De acordo com os dados disponíveis, mais de 10% das vítimas eram coreanas.
Kim Hwa-ja tinha 4 anos em 06 de agosto de 1945. Lembra-se de ter sido obrigada a fugir de Hiroshima numa carroça puxada por cavalos.
"O fumo enchia o ar e a cidade estava a arder", contou.
A mãe gritava-lhe que se escondesse debaixo de um cobertor e que não olhasse.
As organizações calculam que cerca de 50.000 coreanos se encontravam na cidade nesse dia, incluindo dezenas de milhares que eram obrigados a trabalhar nas instalações militares, mas os registos são incompletos.
"O edifício municipal foi tão devastado que não foi possível encontrar documentos claros", disse um funcionário local à AFP.
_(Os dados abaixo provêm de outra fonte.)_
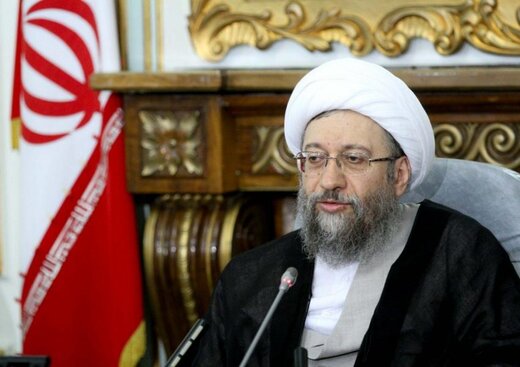 واکنش آملی لاریجانی به اعتراضات آمریکا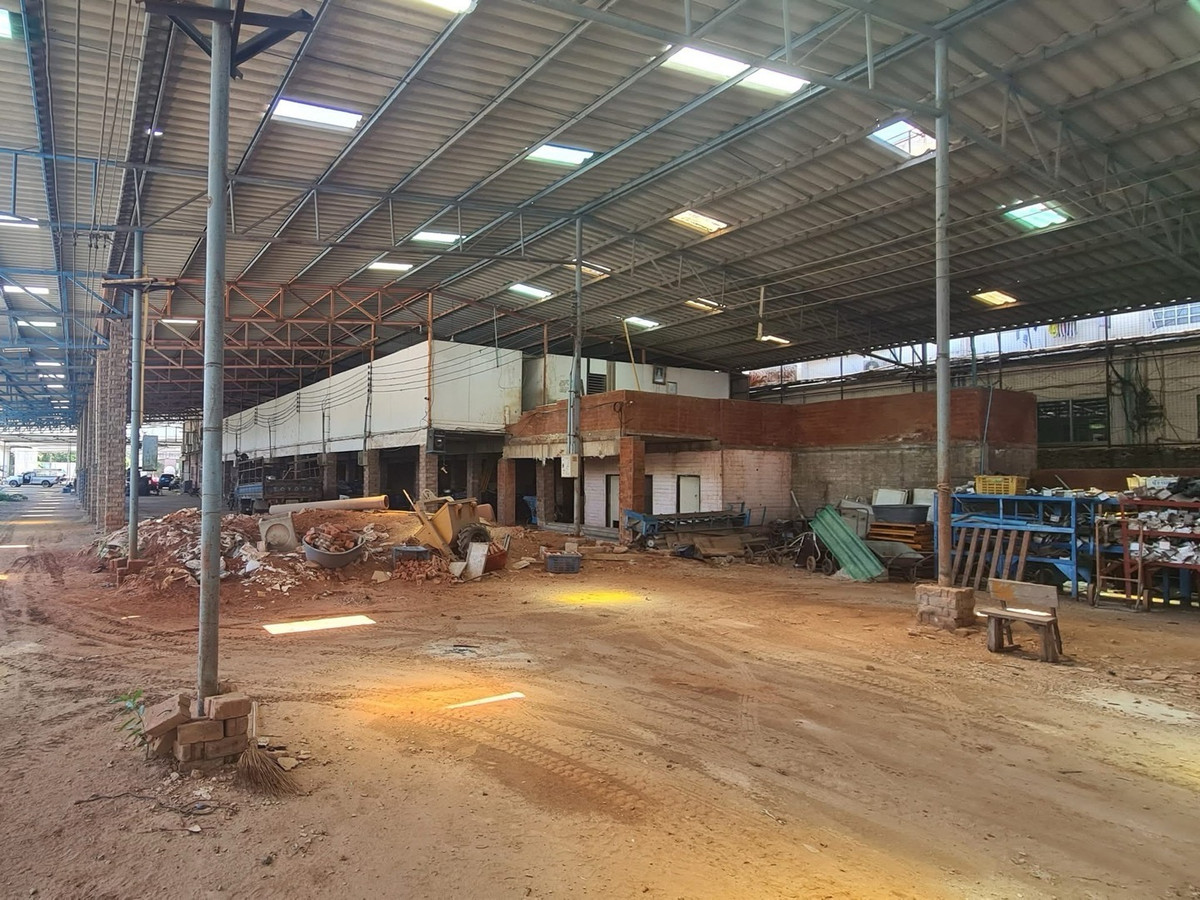 For RentLandNonthaburi, Bang Yai, Bangbuathong : 📢👇 Land for RentIncludes existing warehouse structures, which can be removed to convert into vacant land. Convenient access via multiple routes.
A política colonial japonesa proibia a utilização de nomes coreanos, o que complica a tentativa de encontrar registos.
Os sobreviventes que permaneceram no Japão tiveram de suportar uma dupla discriminação: como sobreviventes, ou 'hibakusha' em japonês, e como coreanos.
As vítimas coreanas só foram reconhecidas no final da década de 1990, quando foi erigido um memorial no Parque Memorial da Paz de Hiroshima.
As dezenas de milhares de sobreviventes coreanos que regressaram ao país recém-independente também foram estigmatizados.
"Na altura, havia rumores infundados de que a exposição à radiação podia ser contagiosa", explicou, o diretor do Centro de Vítimas da Bomba Atómica, Jeong Soo-won, que organiza uma cerimónia na quarta-feira em Hapcheon.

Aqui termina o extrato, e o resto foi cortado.